>>>

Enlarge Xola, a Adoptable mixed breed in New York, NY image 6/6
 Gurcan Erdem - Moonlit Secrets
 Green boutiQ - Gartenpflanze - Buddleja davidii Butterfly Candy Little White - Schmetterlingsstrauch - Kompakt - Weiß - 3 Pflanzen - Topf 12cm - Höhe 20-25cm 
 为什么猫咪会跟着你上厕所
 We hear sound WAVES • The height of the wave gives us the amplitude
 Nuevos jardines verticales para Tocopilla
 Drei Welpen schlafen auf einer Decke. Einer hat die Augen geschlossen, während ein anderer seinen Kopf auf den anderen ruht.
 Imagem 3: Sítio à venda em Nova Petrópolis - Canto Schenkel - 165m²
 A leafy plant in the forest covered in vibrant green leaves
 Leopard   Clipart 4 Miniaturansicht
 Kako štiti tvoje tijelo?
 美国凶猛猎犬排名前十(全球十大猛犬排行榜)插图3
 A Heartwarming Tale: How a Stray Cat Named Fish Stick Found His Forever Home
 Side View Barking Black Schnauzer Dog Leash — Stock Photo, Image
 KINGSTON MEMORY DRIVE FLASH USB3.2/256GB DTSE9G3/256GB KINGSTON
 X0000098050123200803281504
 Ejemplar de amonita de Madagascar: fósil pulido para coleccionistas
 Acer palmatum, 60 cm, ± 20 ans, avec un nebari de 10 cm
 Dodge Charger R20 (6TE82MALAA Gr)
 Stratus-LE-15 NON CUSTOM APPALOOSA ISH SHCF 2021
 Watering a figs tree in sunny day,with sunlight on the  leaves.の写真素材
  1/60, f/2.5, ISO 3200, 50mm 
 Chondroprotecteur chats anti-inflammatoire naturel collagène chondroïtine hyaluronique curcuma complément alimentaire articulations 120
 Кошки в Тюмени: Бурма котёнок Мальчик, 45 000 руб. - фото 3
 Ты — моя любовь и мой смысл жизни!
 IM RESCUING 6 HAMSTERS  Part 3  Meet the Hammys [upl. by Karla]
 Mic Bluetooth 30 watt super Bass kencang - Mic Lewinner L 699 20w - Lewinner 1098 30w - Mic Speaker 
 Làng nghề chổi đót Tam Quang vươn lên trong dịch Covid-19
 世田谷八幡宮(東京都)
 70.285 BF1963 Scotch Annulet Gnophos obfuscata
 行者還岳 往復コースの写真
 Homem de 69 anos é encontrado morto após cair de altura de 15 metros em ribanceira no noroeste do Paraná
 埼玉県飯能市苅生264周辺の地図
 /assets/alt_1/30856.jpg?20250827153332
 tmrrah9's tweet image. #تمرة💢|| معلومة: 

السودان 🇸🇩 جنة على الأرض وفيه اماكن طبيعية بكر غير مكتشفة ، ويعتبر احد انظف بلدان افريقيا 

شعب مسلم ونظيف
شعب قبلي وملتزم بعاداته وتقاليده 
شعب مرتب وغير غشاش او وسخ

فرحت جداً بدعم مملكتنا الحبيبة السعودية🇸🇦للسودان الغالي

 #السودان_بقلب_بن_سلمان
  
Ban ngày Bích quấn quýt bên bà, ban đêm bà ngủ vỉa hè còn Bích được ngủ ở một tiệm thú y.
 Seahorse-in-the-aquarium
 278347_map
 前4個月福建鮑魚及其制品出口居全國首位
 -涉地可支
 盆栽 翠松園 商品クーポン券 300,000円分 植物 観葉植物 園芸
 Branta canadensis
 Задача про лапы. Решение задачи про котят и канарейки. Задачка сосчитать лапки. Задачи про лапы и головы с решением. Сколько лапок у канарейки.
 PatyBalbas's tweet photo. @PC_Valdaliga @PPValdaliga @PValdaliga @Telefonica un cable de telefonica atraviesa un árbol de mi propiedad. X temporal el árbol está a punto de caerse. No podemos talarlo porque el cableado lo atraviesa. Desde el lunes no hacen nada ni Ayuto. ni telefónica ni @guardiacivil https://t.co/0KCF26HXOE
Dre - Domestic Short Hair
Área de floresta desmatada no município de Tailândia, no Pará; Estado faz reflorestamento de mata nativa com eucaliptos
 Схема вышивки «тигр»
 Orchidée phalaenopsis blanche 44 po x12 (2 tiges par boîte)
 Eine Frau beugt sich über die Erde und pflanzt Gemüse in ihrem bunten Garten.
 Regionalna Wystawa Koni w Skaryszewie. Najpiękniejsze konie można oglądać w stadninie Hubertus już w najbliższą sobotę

<<<

#### What to do
Each entry needs to be copied out exactly as written.

#### Written response
Enlarge Xola, a Adoptable mixed breed in New York, NY image 6/6
 Gurcan Erdem - Moonlit Secrets
 Green boutiQ - Gartenpflanze - Buddleja davidii Butterfly Candy Little White - Schmetterlingsstrauch - Kompakt - Weiß - 3 Pflanzen - Topf 12cm - Höhe 20-25cm 
 为什么猫咪会跟着你上厕所
 We hear sound WAVES • The height of the wave gives us the amplitude
 Nuevos jardines verticales para Tocopilla
 Drei Welpen schlafen auf einer Decke. Einer hat die Augen geschlossen, während ein anderer seinen Kopf auf den anderen ruht.
 Imagem 3: Sítio à venda em Nova Petrópolis - Canto Schenkel - 165m²
 A leafy plant in the forest covered in vibrant green leaves
 Leopard   Clipart 4 Miniaturansicht
 Kako štiti tvoje tijelo?
 美国凶猛猎犬排名前十(全球十大猛犬排行榜)插图3
 A Heartwarming Tale: How a Stray Cat Named Fish Stick Found His Forever Home
 Side View Barking Black Schnauzer Dog Leash — Stock Photo, Image
 KINGSTON MEMORY DRIVE FLASH USB3.2/256GB DTSE9G3/256GB KINGSTON
 X0000098050123200803281504
 Ejemplar de amonita de Madagascar: fósil pulido para coleccionistas
 Acer palmatum, 60 cm, ± 20 ans, avec un nebari de 10 cm
 Dodge Charger R20 (6TE82MALAA Gr)
 Stratus-LE-15 NON CUSTOM APPALOOSA ISH SHCF 2021
 Watering a figs tree in sunny day,with sunlight on the  leaves.の写真素材
  1/60, f/2.5, ISO 3200, 50mm 
 Chondroprotecteur chats anti-inflammatoire naturel collagène chondroïtine hyaluronique curcuma complément alimentaire articulations 120
 Кошки в Тюмени: Бурма котёнок Мальчик, 45 000 руб. - фото 3
 Ты — моя любовь и мой смысл жизни!
 IM RESCUING 6 HAMSTERS  Part 3  Meet the Hammys [upl. by Karla]
 Mic Bluetooth 30 watt super Bass kencang - Mic Lewinner L 699 20w - Lewinner 1098 30w - Mic Speaker 
 Làng nghề chổi đót Tam Quang vươn lên trong dịch Covid-19
 世田谷八幡宮(東京都)
 70.285 BF1963 Scotch Annulet Gnophos obfuscata
 行者還岳 往復コースの写真
 Homem de 69 anos é encontrado morto após cair de altura de 15 metros em ribanceira no noroeste do Paraná
 埼玉県飯能市苅生264周辺の地図
 /assets/alt_1/30856.jpg?20250827153332
 tmrrah9's tweet image. #تمرة💢|| معلومة: 

السودان 🇸🇩 جنة على الأرض وفيه اماكن طبيعية بكر غير مكتشفة ، ويعتبر احد انظف بلدان افريقيا 

شعب مسلم ونظيف
شعب قبلي وملتزم بعاداته وتقاليده 
شعب مرتب وغير غشاش او وسخ

فرحت جداً بدعم مملكتنا الحبيبة السعودية🇸🇦للسودان الغالي

 #السودان_بقلب_بن_سلمان
  
Ban ngày Bích quấn quýt bên bà, ban đêm bà ngủ vỉa hè còn Bích được ngủ ở một tiệm thú y.
 Seahorse-in-the-aquarium
 278347_map
 前4個月福建鮑魚及其制品出口居全國首位
 -涉地可支
 盆栽 翠松園 商品クーポン券 300,000円分 植物 観葉植物 園芸
 Branta canadensis
 Задача про лапы. Решение задачи про котят и канарейки. Задачка сосчитать лапки. Задачи про лапы и головы с решением. Сколько лапок у канарейки.
 PatyBalbas's tweet photo. @PC_Valdaliga @PPValdaliga @PValdaliga @Telefonica un cable de telefonica atraviesa un árbol de mi propiedad. X temporal el árbol está a punto de caerse. No podemos talarlo porque el cableado lo atraviesa. Desde el lunes no hacen nada ni Ayuto. ni telefónica ni @guardiacivil https://t.co/0KCF26HXOE
Dre - Domestic Short Hair
Área de floresta desmatada no município de Tailândia, no Pará; Estado faz reflorestamento de mata nativa com eucaliptos
 Схема вышивки «тигр»
 Orchidée phalaenopsis blanche 44 po x12 (2 tiges par boîte)
 Eine Frau beugt sich über die Erde und pflanzt Gemüse in ihrem bunten Garten.
 Regionalna Wystawa Koni w Skaryszewie. Najpiękniejsze konie można oglądać w stadninie Hubertus już w najbliższą sobotę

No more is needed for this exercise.